Observo o homem sentado à mesa do bar do shopping. Não conheço sua história, não sei de suas dores, seus dissabores. Mas percebo a raiva em seu olhar. Uma ira, um amargor que brota menos da cevada e mais da vida. Cada gole é dado com profundidade. As veias saltam em seu pescoço, por onde o líquido escorre seco, arrastado.
Ao voltar o copo para a mesa, ele pega a comanda na qual o garçom religiosamente anota cada um dos copos que subiram e desceram, um exercício duro e difícil no qual ele expurga as tormentas da semana. Cada lombada de seu enrugado rosto esconde um lamento, uma conta não paga, um divórcio, um filho que não atende suas ligações.
Cada lombada de seu enrugado rosto esconde um lamento, uma conta não paga, um divórcio, um filho que não atende suas ligações.
Não sei nada dele além dos signos que interpreto sob a couraça do homem de cabelos grisalhos sentado à mesa do bar do shopping. Uma blusa azul esconde uma camisa com o colarinho sujo, a única ponta de não-vaidade que ele permite que o mundo veja. Seus óculos de aro preto são ajeitados ao fim de cada gole, como se tivessem sido tirados do prumo no entortar daqueles copos que começam a acumular na pequena mesa de um por um.
À frente dele, parece que nada é capaz de tirá-lo deste momento que escolheu para ser só seu, ou que o mundo lhe deu folga das desilusões cotidianas. Ele para, olha o sapato e se agacha para limpar a poeira do tempo que prenunciava uma camada sob o courino.

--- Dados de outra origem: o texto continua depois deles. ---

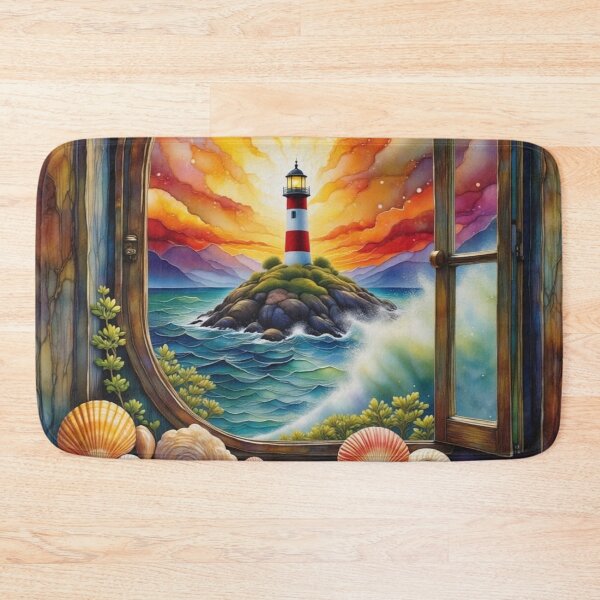 Item preview, Dreamy Lighthouse and Seashells designed and sold by purplesensation.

Seu último gesto é sair da mesa, resgatar a comanda e dirigir-se ao caixa. Abre a carteira marrom, gorda e judiada pelo uso, retira duas notas de vinte, também surradas por todas as mãos que já as tocaram, e entrega ao operador, que sem nem ao menos trocar um olhar com ele lhe devolve seu troco. Ele pega, guarda, se vira e vai embora. Ligeiramente embriagado, com menos dinheiro do que no momento anterior, calado e sozinho, e eu continuo sem nada dele saber. Quem será?